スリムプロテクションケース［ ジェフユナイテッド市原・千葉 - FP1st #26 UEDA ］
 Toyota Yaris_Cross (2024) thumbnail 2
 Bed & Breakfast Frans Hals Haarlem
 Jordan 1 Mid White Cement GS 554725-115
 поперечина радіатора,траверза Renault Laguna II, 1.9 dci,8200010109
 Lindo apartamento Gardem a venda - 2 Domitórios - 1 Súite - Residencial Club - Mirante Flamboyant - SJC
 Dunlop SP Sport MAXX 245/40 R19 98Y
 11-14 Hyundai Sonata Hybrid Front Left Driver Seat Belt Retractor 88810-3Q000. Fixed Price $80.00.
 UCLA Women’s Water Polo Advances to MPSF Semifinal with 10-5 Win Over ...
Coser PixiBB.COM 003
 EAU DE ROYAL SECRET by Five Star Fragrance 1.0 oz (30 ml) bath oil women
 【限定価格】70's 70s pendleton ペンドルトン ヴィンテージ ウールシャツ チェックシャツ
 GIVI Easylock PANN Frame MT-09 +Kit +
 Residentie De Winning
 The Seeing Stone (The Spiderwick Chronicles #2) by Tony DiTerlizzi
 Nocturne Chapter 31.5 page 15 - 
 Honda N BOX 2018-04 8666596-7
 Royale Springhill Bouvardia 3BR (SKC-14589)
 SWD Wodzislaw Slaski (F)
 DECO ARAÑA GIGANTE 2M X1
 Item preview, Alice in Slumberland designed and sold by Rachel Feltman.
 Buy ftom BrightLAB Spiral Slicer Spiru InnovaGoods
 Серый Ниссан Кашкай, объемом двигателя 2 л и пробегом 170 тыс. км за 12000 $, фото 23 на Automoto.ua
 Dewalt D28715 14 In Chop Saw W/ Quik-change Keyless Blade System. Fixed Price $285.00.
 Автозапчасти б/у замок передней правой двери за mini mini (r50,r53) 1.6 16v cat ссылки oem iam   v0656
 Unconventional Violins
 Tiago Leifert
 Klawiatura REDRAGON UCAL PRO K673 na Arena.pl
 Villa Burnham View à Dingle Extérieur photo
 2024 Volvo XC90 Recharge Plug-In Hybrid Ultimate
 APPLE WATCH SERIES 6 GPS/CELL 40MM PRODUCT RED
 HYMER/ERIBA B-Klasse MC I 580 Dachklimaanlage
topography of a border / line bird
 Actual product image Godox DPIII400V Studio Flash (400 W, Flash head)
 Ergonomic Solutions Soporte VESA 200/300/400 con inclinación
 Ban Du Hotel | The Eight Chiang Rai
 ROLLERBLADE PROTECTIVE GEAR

- **Problem to work on**
From the entries above, write out only the lines starting at the line that holds "The Seeing Stone" and ending at the line that holds "DECO ARAÑA GIGANTE 2M X1", keeping both and matching them exactly.

- **Completed exercise**
 The Seeing Stone (The Spiderwick Chronicles #2) by Tony DiTerlizzi
 Nocturne Chapter 31.5 page 15 - 
 Honda N BOX 2018-04 8666596-7
 Royale Springhill Bouvardia 3BR (SKC-14589)
 SWD Wodzislaw Slaski (F)
 DECO ARAÑA GIGANTE 2M X1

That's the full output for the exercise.